The first Nioh made a big impression on gamers with its cool samurai backdrop and unrelenting difficulty. Nioh 2 isn’t changing up the formula; it stays true to the insurmountable challenge, but it is also leaning more into the yokai (Japanese spirit) elements for more memorable moves to defeat the larger-than-life bosses. While at Tokyo Game Show, I went hands-on with the game and attended a presentation to learn more about it. It quickly became my favorite game of the show.
Producer Fumihiko Yasuda confirmed that Nioh 2 is a prequel taking place slightly before the origInal. Set in the late 1500s, you play as your own customized character who is part yokai. “The big historical storyline is going to be that [Toyotomi] Hideyoshi, one of the greatest Japanese warlords, was actually two people – that includes you and Toukichiro, and you two will be Hideyoshi together and that sort of ties into the core of the story,” Yasuda explains. Toukichiro is another main character in the game, and Yasuda said he was based on a historical figure, connecting the dots Hideyoshi at one point went by a similar name.

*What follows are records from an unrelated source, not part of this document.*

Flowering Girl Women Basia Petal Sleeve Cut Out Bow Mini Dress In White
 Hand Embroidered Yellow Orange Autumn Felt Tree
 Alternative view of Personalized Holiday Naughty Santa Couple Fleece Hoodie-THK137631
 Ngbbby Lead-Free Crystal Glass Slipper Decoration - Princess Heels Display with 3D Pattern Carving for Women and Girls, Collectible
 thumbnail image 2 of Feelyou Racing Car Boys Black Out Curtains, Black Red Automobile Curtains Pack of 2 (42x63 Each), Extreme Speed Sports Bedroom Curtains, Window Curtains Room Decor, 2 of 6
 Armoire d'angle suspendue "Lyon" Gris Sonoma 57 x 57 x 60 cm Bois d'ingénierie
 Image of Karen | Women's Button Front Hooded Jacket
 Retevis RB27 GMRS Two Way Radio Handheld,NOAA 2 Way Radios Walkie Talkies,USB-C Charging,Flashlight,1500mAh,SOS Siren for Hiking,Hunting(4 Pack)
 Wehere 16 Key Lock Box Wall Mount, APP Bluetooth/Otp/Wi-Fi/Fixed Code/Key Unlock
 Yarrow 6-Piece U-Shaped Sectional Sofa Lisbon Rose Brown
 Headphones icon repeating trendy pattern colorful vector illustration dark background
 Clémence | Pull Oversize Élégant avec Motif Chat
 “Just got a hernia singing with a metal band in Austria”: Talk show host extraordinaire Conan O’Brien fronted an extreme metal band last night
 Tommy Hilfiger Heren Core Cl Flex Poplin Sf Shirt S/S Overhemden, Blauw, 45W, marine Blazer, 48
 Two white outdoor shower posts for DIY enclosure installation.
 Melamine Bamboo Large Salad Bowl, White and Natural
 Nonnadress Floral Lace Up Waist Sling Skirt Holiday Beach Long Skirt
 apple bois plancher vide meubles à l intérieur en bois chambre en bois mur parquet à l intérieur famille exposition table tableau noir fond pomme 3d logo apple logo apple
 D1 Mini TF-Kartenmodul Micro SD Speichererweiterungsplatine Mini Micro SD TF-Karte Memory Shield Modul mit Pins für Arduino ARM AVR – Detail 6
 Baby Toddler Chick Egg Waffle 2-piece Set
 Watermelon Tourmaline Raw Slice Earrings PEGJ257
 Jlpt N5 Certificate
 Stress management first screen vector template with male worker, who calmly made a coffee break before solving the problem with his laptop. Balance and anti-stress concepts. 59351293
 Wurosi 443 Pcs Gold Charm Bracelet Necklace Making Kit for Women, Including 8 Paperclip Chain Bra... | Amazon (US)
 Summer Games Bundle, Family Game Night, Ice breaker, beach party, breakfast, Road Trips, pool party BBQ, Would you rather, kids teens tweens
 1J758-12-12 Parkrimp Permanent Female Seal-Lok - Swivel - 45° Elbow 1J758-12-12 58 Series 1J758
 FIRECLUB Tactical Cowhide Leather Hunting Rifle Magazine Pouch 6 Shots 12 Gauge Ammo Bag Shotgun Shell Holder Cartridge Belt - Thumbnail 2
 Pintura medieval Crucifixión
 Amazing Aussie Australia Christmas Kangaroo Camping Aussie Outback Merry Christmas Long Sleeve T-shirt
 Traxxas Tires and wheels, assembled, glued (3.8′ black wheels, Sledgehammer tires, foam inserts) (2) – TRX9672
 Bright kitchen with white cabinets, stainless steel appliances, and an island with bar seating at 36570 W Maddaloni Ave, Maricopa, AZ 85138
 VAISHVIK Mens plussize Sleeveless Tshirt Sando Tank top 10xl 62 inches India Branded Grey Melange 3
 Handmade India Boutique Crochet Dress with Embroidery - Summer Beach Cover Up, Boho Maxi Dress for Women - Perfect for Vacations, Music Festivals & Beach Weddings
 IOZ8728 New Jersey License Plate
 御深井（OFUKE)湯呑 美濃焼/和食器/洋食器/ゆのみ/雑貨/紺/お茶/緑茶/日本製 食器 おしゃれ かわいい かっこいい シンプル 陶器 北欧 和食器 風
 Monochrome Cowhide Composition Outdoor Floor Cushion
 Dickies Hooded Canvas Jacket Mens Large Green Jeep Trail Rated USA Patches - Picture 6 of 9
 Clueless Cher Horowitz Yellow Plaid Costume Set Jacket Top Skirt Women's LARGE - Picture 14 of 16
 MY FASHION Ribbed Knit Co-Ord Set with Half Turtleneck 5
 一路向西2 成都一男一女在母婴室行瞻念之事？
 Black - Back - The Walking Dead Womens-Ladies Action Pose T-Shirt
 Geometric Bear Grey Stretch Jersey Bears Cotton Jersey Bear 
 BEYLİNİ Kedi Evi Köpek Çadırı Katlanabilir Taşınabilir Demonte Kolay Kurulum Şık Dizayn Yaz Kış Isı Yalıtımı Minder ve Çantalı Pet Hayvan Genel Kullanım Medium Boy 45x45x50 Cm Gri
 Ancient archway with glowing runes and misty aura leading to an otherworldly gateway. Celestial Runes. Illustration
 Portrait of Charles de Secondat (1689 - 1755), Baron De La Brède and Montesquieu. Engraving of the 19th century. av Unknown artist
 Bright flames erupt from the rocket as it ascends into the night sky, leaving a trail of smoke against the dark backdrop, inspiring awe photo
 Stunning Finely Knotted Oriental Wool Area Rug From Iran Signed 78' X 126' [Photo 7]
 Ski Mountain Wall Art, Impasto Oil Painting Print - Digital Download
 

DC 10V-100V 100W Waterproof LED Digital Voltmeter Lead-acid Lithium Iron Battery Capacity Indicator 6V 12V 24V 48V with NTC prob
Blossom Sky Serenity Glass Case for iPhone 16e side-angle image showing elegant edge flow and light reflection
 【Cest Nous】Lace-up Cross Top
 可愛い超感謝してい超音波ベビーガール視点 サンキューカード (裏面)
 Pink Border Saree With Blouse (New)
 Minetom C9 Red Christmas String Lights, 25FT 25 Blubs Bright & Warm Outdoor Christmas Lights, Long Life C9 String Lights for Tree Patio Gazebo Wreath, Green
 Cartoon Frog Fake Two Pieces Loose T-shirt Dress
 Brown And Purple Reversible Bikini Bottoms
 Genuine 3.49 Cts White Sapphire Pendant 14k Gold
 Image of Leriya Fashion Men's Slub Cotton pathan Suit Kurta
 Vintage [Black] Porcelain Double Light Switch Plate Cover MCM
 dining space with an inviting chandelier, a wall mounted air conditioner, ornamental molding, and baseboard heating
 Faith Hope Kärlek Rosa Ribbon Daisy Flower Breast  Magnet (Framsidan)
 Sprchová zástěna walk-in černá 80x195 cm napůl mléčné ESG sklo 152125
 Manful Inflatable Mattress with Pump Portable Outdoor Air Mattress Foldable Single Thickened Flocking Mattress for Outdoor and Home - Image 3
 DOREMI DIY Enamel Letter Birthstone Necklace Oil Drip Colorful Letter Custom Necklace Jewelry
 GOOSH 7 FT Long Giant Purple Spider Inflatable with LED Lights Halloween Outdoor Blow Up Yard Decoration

Outside of navigating being one half of the man known as Japan’s “second great unifier,” you also are much more than just a samurai fighting evil this time around; you will become a demon by darkness, thanks to your yokai ties. This means you can shift into a yokai form and have special attacks. In fact, any yokai you defeat will drop a soul core, giving you the ability to equip one of their big moves. Yasuda said the goal with the first game was to make a Sengoku death game, this time around the team wanted to make a Sengoku and yokai death game.
Also new to Nioh 2 is a place called the Dark Realm, which is where yokai dwell. At certain points, yokai will drag you down here as the Dark Realm enhances their powers. This brings out some of the tougher enemies but defeating them often rewards you with quality items. In fact, some chests can’t even be opened unless you take them down first.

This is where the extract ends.